Artsen mogen alleen bij hoge uitzondering hun beroepsgeheim breken als zij het vermoeden hebben dat een van hun patiënten jihadist is, dat staat in de nieuwe richtlijnen van de Artsenfederatie KNMG.
In tegenstelling tot in Duitsland, mogen Nederlandse artsen alleen bij hele hoge uitzondering hun beroepsgeheim breken.

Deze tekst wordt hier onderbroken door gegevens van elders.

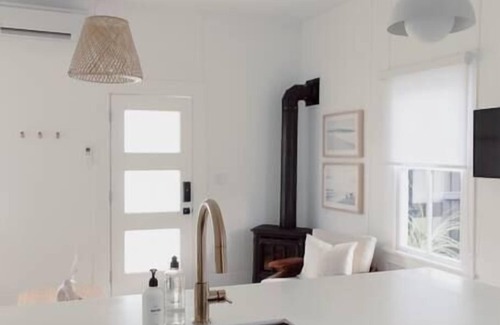 Port Dover House | Surf Vibes|California Cool design | Close to beach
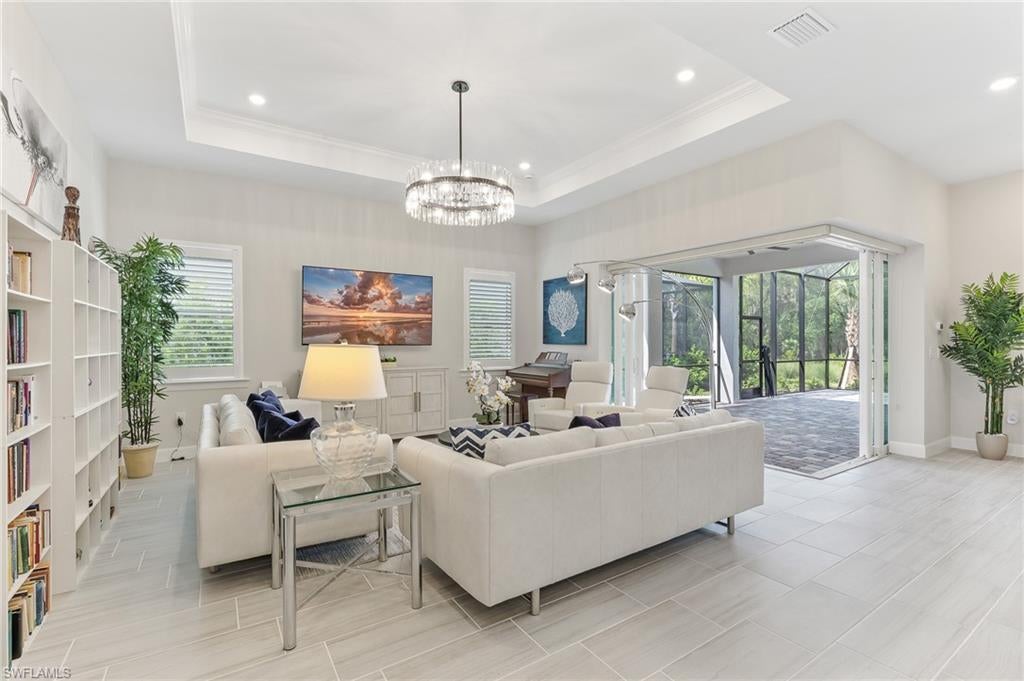 DEL WEBB OAK CREEK - Residential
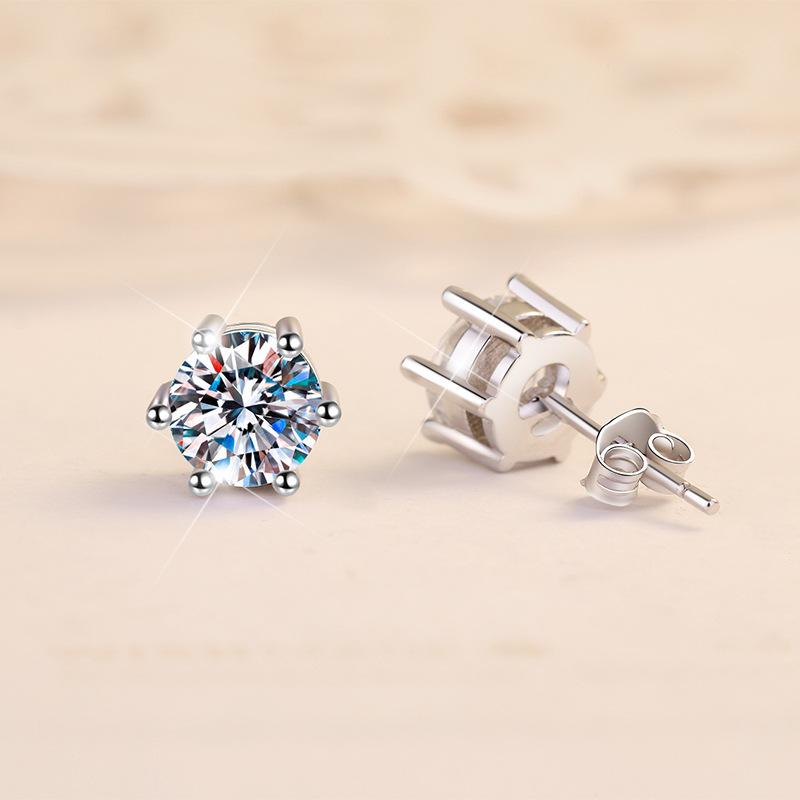 17. S925 Sterling Silver Six-Claw Crown Stud Earring  Synthetic Moissanite Earrings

Als een verdachte van plan is om zichzelf aan te sluiten bij Islamitische Staat vindt de beroepsvereniging dat niet dreigend genoeg om het beroepsgeheim te breken. Enkel wanneer de jihadistische plannen inhouden dat de patiënt bijvoorbeeld vrouwen en kinderen wil ontvoeren naar het kalifaat, wordt de situatie als dreigend genoeg bestempeld.
Vertrouwen
De KNMG denkt dat als artsen te snel hun beroepsgeheim mogen breken. Dit zou het vertrouwen dat de patiënt in hen heeft in de weg kunnen staan en mensen zouden minder snel medische hulp durven te vragen. Daarbij mogen artsen niet het verlengstuk worden van justitie, vindt de federatie.
In de Nederlandse wet is opgenomen dat artsen hun beroepsgeheim enkel mogen breken om dreigend gevaar af te wenden. Als iemand dus bijvoorbeeld van plan is een aanslag te plegen of naasten te ontvoeren. Over een eerder gepleegde misdaad mag een arts dan ook niets zeggen.